The Heads of State and Government also reiterated the need for the Somali federal government’s ownership of the processes, and stressed its importance including a framework for the sustainable and gradual return of refugees with active participation of Somalis in the Diaspora. They also called upon the international community to redouble its support to the stabilization, reconstruction and development to the government-led reforms in the various upcoming forums and in particular in the London conference. The leaders called on UNHCR and the international community to develop modalities for the safe and orderly return and resettlement of refugees with definite time lines. They also called on all stakeholders to support the ongoing political outreach and reconciliation processes led by the Somali Federal government, and capacity building of the Government with particular reference to governance, economic development and security sector reform. They decided to send a mission to Kismayo to assess the situation there and submit a report to the next Summit, to be held later this month. They also underlined the importance of implementing the Integration of Forces Plan and coordinating stakeholders’ efforts under the leadership of the Somali government.
The Summit commended the continued commitment of AMISOM forces, the courage and commitment of the Somali National Security Forces, and the support by all the troop and police-contributing countries (Burundi, Djibouti, Kenya, Nigeria, Sierra Leone and Uganda) as well as Ethiopia. It appealed to these parties and to the Somali National Forces to continue to expand their operations.
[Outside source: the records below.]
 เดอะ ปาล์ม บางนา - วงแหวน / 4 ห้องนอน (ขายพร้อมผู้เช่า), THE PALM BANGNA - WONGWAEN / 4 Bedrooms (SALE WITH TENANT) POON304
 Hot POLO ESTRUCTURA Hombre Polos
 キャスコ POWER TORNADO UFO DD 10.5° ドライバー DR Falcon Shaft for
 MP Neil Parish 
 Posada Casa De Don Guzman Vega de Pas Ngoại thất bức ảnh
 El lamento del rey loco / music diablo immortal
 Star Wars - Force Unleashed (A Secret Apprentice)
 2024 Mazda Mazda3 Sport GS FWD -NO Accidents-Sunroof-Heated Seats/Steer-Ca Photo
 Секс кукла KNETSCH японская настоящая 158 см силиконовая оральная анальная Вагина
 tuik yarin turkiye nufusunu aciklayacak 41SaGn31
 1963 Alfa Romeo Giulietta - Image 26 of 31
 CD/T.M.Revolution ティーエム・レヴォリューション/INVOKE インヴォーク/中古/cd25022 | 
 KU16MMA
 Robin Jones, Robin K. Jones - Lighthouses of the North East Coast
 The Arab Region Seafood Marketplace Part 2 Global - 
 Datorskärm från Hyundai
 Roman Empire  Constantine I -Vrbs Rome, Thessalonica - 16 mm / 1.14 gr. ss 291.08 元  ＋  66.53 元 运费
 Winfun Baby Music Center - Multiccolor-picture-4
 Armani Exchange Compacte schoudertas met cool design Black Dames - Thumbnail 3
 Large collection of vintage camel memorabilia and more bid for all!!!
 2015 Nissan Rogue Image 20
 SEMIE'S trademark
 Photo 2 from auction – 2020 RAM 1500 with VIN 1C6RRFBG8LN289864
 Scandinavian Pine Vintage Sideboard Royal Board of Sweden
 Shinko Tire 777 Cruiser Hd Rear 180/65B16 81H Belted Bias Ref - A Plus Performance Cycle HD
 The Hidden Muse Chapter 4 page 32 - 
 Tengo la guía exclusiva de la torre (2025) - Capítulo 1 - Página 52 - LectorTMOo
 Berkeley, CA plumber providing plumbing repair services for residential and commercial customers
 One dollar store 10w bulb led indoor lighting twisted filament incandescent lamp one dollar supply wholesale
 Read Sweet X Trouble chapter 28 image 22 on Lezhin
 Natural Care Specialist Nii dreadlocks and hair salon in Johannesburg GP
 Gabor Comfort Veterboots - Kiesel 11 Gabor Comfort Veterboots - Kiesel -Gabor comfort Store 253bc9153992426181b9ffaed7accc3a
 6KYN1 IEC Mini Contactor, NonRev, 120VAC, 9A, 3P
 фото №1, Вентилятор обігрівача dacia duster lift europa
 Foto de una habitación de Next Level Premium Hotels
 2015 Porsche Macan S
It reaffirmed the strong solidarity of IGAD members and their commitment to continue supporting the government-led reforms in Somalia; and appealed to the international community to redouble their support to the stabilization, reconstruction and long-term development of Somalia. Underlining the importance of the continuing fight against Al-Shabaab, it also noted the UN Security Council Resolution 2093 and expressed the hope that it will enhance the reconstruction efforts and the role of Somalia in the region and that it would build on progress made by AMISOM operations, forming a sound basis for the reconstruction and development of Somalia.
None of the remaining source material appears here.